Network monitoring tracks the state of the network and is primarily looking for faults. At the most basic level, we want to know if devices and interfaces are "up." This is a simple binary reachability test. Your device is either reachable or not, it's either "up" or "down." However, just because a device is reachable does not mean there are no faults in the network. If a circuit is dropping packets, performance may be impacted and can make the circuit unusable even though it is "up." Time to stop thinking in terms of reachability and start thinking in terms of availability.

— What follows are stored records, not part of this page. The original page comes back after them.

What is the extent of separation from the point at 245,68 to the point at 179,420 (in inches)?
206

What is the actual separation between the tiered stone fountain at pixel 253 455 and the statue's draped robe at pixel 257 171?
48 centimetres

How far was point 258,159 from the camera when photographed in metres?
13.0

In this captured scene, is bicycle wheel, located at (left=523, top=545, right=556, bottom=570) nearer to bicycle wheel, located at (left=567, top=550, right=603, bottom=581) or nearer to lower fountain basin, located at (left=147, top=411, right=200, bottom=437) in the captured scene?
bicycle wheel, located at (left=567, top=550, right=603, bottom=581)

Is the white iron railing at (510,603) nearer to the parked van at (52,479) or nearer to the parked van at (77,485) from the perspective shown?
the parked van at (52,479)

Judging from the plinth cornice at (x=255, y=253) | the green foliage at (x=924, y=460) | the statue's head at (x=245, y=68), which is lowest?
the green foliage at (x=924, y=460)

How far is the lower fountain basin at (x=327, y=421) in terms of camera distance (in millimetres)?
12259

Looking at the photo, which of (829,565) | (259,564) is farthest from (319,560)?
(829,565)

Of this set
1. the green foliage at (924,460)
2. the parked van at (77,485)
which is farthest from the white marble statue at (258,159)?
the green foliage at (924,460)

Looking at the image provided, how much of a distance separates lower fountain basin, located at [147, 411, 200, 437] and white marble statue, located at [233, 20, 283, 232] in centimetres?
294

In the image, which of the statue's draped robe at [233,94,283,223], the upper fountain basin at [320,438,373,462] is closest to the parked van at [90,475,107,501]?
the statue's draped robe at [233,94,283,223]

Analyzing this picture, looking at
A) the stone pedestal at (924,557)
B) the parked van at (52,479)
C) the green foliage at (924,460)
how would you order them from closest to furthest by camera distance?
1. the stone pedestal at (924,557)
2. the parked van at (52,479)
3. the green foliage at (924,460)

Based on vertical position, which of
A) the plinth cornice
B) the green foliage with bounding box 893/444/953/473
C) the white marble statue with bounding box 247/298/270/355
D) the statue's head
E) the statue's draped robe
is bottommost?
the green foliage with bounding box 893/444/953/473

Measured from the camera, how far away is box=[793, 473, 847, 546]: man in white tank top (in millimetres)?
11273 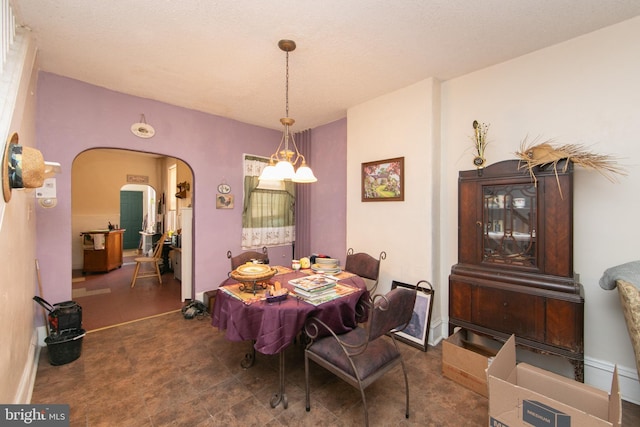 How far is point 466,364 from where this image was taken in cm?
215

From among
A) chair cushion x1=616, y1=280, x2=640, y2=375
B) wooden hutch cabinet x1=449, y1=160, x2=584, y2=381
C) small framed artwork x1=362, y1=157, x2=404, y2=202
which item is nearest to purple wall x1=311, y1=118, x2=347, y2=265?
small framed artwork x1=362, y1=157, x2=404, y2=202

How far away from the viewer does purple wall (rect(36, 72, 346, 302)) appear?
2812mm

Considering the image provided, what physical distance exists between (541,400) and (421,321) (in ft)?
4.96

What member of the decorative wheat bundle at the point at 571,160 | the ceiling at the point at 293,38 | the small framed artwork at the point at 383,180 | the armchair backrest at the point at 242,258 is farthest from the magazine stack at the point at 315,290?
the ceiling at the point at 293,38

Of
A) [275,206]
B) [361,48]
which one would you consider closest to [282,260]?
[275,206]

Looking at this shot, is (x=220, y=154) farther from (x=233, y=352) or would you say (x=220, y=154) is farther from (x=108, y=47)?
(x=233, y=352)

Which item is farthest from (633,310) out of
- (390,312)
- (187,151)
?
(187,151)

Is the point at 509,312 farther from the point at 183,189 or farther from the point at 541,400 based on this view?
the point at 183,189

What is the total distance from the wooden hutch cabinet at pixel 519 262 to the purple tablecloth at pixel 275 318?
115 centimetres

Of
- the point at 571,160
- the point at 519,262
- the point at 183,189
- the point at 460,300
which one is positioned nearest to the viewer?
the point at 571,160

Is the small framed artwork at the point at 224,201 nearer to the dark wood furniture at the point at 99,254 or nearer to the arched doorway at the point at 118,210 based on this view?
the arched doorway at the point at 118,210

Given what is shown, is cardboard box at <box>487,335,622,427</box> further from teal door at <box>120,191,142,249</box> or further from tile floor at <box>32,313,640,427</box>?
teal door at <box>120,191,142,249</box>

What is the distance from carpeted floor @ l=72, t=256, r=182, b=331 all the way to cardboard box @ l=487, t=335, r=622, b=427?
153 inches

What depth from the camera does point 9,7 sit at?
175 cm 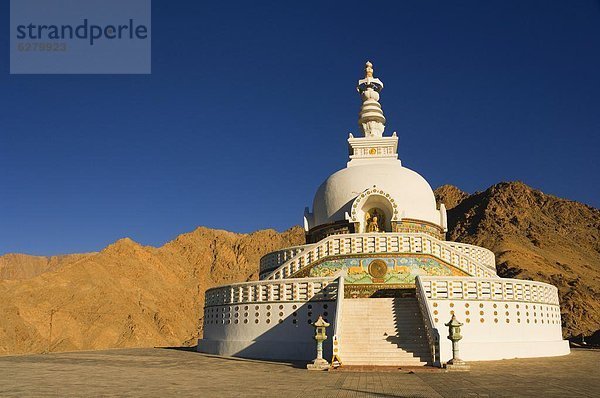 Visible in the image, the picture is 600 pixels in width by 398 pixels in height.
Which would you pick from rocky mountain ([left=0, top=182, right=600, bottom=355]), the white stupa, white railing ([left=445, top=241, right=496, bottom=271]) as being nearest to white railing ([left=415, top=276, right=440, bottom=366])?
the white stupa

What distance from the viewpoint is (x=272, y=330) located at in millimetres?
20844

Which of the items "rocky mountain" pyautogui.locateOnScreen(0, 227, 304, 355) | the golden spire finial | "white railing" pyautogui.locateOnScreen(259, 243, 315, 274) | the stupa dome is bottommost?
"rocky mountain" pyautogui.locateOnScreen(0, 227, 304, 355)

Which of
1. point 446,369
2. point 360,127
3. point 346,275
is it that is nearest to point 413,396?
point 446,369

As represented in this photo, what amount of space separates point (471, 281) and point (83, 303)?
5338cm

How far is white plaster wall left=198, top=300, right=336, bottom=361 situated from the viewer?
20.0 meters

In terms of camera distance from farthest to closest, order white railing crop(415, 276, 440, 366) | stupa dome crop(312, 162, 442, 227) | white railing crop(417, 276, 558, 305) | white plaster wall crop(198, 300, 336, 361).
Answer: stupa dome crop(312, 162, 442, 227) < white plaster wall crop(198, 300, 336, 361) < white railing crop(417, 276, 558, 305) < white railing crop(415, 276, 440, 366)

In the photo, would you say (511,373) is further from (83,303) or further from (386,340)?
(83,303)

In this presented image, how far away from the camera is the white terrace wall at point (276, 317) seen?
2009cm

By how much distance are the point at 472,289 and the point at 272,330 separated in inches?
305

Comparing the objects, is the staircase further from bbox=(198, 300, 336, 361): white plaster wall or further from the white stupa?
bbox=(198, 300, 336, 361): white plaster wall

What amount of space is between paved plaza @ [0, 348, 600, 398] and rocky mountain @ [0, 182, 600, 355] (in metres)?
42.5

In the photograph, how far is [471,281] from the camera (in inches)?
787

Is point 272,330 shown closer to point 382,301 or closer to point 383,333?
point 382,301

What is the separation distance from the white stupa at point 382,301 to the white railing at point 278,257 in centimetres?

Availability is a service oriented concept that asks, "is the service this widget provides available to its users?" Is the service 100% available or is it degraded in some way? Here are some examples of situations that simple reachability monitoring has difficulty detecting:

  • A circuit is dropping packets somewhere in your WAN provider's network. It is "up," but throughput is reduced.
  • A circuit is congested and latency has shot through the roof. The circuit is still "up." There may not be anything technically wrong with the circuit, but it isn't really usable to the end users.
  • A router is using 100% of its memory. It is processing packets slowly or perhaps it is not able to add new routes. It may still be "up."
  • An Ethernet interface in a port aggregation group is down or perhaps it was one blocked by Spanning Tree. While an interface will be down, from the packet perspective everything is still "up."

In the first two cases, you will probably hear about it from the end users. In the last two cases, you might not know about them until something else changes in the network that causes a (possibly confusing) outage. And probably a bunch of trouble tickets.

Are you thinking in terms of availability or reachability? Is your NMS configured to match your mindset?